The cerebellum is the part of the brain that plays an important role in balance and co-ordination. ‘Cerebellar hypoplasia’ refers to the incomplete or poor development of the cerebellum, causing it to be small. It may be isolated or be accompanied by abnormalities of other structures in the brain. Individuals with cerebellar hypoplasia may present with developmental delay, seizures, poor balance and co-ordination, involuntary eye movements (nystagmus) and learning difficulties.

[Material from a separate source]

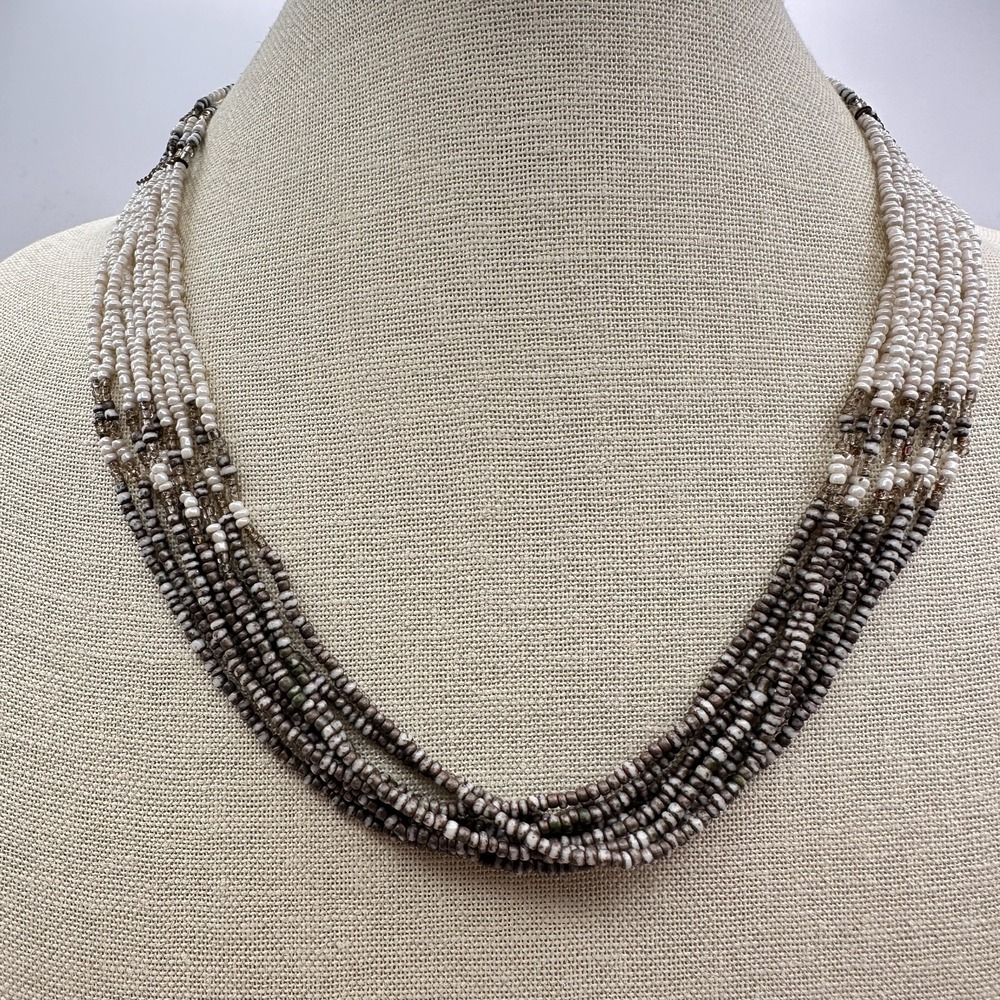 Vintage 80s Neutral Tone Multi Strand Seed Bead Choker Necklace Retro Jewelry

It may be genetic or non-genetic in origin. Among the non-genetic causes are environmental influences such as exposure to certain medication (eg. retinoic acid), alcohol and viral infections during pregnancy. The genetic causes vary depending on what other structures are involved eg. RELN gene is implicated in lissencephaly with cerebellar hypoplasia; TSEN genes in ponto cerebellar hypoplasia (the brainstem is affected in addition to the cerebellum); OPHN1 gene in cerebellar hypoplasia with enlarged ventricles; VLDLR gene in cerebellar hypoplasia with simple cortex and small brainstem.
Cerebellar hypoplasia can also occur as a part of other genetic syndromes such as Smith Lemli Opitz syndrome, Carbohydrate Deficient Glycoprotein syndrome, and Joubert syndrome.